The dehumanizing process acts in two directions, as the violation of the “enemy’s” humanity leads in turn to self-negation.

“[A] soldier on the battlefield scorns his enemy’s life as so much refuse. At the same time, he also scorns his own life no less. The soldier has not made a conscious decision to force himself to accept the notion that life is as light as the proverbial feather. Rather, in despising the enemy, he has come unawares to despise himself and his own life as well. Losing sight of their own private lives, the men lost the ability to think of their lives and bodies as precious” [8].

Elsewhere, Ishikawa notes that “[t]he battlefield was a place that appeared to possess an uncanny powerful ability that, unnoticed, transformed each and every combatant into men of identical characters, who thought at the same level, and who shared the same needs” [9]. The individual disappears, to be replaced by a cog in a well-oiled fighting machine.

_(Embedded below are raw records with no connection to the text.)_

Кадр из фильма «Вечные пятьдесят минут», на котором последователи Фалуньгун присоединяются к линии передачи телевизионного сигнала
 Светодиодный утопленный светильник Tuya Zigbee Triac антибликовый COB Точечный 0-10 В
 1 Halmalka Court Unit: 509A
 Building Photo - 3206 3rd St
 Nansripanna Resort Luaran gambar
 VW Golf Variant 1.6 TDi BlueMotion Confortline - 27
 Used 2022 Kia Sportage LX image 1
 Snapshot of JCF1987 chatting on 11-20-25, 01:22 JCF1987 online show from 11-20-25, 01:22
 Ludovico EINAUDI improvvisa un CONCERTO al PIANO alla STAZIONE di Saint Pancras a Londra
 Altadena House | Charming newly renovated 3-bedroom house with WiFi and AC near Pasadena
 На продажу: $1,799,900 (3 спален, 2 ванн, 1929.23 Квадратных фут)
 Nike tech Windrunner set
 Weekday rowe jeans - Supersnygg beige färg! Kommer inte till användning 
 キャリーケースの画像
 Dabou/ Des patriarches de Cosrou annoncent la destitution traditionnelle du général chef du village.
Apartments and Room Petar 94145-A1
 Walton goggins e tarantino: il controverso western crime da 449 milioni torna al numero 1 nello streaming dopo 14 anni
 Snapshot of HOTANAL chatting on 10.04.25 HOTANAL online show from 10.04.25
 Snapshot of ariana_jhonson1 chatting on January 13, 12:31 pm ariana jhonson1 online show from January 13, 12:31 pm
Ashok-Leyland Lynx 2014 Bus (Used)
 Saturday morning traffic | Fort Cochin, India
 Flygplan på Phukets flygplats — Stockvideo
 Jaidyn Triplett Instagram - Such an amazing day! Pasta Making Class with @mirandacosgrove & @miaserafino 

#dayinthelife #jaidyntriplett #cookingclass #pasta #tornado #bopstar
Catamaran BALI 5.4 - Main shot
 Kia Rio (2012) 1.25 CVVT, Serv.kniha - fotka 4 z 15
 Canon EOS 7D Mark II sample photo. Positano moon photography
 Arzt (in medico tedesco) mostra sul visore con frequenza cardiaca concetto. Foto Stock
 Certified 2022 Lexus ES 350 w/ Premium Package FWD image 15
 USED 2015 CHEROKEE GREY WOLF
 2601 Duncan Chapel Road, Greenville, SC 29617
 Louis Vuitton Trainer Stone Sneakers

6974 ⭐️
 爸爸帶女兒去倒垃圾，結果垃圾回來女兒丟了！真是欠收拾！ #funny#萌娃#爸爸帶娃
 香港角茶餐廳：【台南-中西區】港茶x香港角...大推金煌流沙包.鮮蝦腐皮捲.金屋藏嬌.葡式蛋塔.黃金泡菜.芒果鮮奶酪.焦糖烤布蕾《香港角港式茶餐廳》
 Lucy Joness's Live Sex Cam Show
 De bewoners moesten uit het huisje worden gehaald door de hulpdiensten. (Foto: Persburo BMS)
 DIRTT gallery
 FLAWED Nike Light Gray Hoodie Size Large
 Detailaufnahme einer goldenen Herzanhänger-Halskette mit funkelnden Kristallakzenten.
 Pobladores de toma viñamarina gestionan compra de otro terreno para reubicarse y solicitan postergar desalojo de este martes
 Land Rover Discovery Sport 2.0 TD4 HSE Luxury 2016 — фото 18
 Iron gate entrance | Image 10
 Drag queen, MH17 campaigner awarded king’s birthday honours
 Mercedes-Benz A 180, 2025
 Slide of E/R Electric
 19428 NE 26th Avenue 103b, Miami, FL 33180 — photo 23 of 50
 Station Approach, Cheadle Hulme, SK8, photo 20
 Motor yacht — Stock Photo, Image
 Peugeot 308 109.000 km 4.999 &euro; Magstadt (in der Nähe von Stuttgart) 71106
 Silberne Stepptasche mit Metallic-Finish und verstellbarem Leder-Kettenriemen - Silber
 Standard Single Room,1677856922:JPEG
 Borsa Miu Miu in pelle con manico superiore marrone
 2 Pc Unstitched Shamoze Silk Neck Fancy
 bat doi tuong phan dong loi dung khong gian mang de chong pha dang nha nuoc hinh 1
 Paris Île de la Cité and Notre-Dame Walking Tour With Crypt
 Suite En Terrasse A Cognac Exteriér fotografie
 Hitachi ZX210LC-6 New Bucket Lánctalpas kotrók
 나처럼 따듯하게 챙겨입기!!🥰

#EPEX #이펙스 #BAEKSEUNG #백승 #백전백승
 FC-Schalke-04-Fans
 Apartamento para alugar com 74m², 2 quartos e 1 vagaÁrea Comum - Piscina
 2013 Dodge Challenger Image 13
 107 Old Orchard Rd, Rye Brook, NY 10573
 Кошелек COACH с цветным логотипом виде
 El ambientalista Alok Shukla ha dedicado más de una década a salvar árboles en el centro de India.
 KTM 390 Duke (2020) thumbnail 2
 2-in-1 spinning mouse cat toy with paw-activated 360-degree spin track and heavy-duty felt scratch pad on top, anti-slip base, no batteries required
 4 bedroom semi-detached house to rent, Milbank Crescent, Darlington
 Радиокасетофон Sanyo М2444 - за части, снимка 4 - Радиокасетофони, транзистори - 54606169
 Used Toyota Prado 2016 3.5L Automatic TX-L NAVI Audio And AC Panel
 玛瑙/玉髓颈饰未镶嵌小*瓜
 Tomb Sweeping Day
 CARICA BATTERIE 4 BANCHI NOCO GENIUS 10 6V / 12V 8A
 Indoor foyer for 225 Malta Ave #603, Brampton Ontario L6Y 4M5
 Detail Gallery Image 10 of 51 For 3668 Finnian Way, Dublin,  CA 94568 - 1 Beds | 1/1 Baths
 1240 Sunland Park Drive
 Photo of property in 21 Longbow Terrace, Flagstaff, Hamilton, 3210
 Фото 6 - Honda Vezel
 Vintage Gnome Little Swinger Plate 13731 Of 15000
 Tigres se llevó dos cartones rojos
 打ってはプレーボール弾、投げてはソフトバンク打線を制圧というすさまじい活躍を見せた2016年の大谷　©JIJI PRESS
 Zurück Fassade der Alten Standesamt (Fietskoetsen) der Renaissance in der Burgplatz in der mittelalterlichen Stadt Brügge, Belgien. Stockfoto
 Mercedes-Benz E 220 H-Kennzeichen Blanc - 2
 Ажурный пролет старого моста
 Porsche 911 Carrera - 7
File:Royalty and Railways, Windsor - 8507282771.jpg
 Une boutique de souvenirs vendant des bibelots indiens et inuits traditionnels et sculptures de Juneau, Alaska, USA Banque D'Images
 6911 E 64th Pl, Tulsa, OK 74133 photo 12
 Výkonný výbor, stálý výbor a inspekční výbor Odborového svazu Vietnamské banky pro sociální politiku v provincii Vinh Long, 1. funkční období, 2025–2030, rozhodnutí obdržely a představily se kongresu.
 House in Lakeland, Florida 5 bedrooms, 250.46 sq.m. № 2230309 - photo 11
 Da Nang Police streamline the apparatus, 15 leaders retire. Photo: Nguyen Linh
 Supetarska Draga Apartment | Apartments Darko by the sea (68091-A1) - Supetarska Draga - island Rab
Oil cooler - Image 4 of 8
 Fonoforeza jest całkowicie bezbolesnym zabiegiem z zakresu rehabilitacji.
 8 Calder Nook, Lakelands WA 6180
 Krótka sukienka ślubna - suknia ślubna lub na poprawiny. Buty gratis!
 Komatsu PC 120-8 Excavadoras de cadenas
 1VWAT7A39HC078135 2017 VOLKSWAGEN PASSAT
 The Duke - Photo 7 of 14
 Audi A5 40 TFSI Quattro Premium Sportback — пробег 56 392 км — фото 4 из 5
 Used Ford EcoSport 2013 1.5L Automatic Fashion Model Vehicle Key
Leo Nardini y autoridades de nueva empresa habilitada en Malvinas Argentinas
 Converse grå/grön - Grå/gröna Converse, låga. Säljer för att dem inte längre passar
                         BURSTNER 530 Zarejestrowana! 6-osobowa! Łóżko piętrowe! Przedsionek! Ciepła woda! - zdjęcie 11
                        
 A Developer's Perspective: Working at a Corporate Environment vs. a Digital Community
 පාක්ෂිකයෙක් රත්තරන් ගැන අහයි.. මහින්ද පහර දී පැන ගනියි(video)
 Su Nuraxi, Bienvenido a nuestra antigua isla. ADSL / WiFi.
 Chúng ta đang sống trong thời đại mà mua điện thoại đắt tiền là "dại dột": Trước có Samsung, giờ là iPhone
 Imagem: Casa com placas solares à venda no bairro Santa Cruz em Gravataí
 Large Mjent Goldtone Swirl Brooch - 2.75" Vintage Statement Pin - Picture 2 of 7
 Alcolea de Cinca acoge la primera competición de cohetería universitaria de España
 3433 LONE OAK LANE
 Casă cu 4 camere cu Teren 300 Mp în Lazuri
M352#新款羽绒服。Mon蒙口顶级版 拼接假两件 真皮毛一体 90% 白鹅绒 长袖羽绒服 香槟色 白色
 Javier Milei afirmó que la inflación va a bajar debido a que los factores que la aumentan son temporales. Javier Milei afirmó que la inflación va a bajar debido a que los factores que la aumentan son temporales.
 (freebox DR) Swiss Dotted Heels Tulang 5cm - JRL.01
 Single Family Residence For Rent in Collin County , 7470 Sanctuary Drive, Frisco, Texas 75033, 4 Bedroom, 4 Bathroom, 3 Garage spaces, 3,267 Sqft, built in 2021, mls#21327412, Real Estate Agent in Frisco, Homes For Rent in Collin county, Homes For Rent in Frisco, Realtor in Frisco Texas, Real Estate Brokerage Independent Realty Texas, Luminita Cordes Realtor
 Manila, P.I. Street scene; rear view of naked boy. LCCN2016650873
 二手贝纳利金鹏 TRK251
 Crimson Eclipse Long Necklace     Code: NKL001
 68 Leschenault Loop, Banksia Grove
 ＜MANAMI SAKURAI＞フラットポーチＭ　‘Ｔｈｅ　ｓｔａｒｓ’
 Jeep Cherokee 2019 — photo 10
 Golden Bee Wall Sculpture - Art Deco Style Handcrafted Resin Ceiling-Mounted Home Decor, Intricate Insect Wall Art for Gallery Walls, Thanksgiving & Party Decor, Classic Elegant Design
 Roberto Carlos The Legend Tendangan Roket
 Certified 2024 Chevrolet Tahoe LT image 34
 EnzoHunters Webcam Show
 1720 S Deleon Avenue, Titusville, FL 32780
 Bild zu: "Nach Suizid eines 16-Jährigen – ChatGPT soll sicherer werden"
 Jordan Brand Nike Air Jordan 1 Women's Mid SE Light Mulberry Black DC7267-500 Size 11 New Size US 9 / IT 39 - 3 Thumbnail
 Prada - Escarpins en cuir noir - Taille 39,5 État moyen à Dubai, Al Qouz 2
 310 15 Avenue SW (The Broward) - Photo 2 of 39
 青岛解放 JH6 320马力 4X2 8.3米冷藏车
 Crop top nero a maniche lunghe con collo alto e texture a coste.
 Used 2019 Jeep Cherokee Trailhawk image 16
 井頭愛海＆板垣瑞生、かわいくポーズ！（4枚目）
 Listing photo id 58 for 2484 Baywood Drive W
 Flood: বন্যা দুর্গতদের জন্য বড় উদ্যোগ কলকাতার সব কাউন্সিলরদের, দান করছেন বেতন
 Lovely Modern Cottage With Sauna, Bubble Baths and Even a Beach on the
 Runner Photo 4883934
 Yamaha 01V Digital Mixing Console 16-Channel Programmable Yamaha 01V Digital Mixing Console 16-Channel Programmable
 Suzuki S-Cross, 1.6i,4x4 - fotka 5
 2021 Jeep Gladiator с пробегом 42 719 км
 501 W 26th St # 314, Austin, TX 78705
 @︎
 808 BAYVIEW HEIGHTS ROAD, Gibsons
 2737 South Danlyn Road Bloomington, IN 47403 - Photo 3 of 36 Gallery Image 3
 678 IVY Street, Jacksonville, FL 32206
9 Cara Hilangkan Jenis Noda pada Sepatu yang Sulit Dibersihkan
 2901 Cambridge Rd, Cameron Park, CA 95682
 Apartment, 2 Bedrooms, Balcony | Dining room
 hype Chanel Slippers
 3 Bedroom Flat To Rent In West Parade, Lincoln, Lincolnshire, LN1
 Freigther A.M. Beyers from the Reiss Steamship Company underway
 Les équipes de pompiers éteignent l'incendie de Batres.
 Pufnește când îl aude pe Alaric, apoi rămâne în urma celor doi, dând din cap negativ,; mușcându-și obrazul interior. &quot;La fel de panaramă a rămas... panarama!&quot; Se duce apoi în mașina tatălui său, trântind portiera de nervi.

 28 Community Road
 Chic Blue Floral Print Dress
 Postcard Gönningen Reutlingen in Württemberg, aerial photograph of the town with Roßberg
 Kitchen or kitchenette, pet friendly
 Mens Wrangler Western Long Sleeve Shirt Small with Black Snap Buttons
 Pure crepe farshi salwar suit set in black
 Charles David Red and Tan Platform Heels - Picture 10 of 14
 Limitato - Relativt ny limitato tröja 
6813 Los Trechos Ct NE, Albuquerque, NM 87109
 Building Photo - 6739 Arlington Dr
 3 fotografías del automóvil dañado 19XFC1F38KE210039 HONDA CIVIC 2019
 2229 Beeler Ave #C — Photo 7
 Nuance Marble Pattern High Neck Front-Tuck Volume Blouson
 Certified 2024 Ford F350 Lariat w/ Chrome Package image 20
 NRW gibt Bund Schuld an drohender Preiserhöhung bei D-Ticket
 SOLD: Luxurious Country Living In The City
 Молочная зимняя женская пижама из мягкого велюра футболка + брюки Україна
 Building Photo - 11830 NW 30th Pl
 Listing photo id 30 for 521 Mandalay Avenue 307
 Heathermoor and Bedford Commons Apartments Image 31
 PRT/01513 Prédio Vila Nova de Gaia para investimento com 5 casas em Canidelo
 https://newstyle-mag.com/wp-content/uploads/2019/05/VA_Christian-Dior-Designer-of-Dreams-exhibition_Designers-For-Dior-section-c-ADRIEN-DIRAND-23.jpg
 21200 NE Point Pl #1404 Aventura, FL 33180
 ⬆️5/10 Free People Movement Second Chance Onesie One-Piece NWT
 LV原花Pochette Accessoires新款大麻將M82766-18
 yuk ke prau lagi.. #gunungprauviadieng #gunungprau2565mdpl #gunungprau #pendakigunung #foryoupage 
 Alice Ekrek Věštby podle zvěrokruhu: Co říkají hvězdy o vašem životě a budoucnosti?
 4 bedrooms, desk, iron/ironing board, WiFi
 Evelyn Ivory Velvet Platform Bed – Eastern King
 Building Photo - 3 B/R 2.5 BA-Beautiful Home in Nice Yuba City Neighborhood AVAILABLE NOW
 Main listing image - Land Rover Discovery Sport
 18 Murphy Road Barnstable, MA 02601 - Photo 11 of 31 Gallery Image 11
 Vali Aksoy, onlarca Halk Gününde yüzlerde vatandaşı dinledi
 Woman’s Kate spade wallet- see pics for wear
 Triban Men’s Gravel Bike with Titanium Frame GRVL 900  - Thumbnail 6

Fear of death and other anxieties haunt the educated survivors. Ironically, perhaps, this fear and anxiety drives them to embrace battle, death, and war. Kurata, for instance, is initially disturbed and traumatized by his survival, and finds himself increasingly drawn to battle as a means to overcome his anxieties. The psychological process is described in some detail as Kurata comes to accept the realities of the battlefield.

“Kurata now felt that he had reached a spiritual turning point. His grating anxiety had eased and the confused heart which had sought death had found peace. If one could see into the depths of his soul, what had until now been fueling his unease and impatience, together with his courage, was the instinctive terror of a life in peril. But having seen the company commander die before his eyes, that terror had passed into a separate dimension. His emotions soared – or plunged. Perhaps this was a sort of numbing of the sensibility, instinctively activated to avert a disintegration of the self. … He began to feel a great breadth of spirit, a sensation of freedom, a sense of amorality. This was the awakening of an unreflective cruelty. He was already starting to cultivate a character that would enable him to participate in the most gruesome slaughter. That is to say, he was catching up with Corporal Kasahara” [10].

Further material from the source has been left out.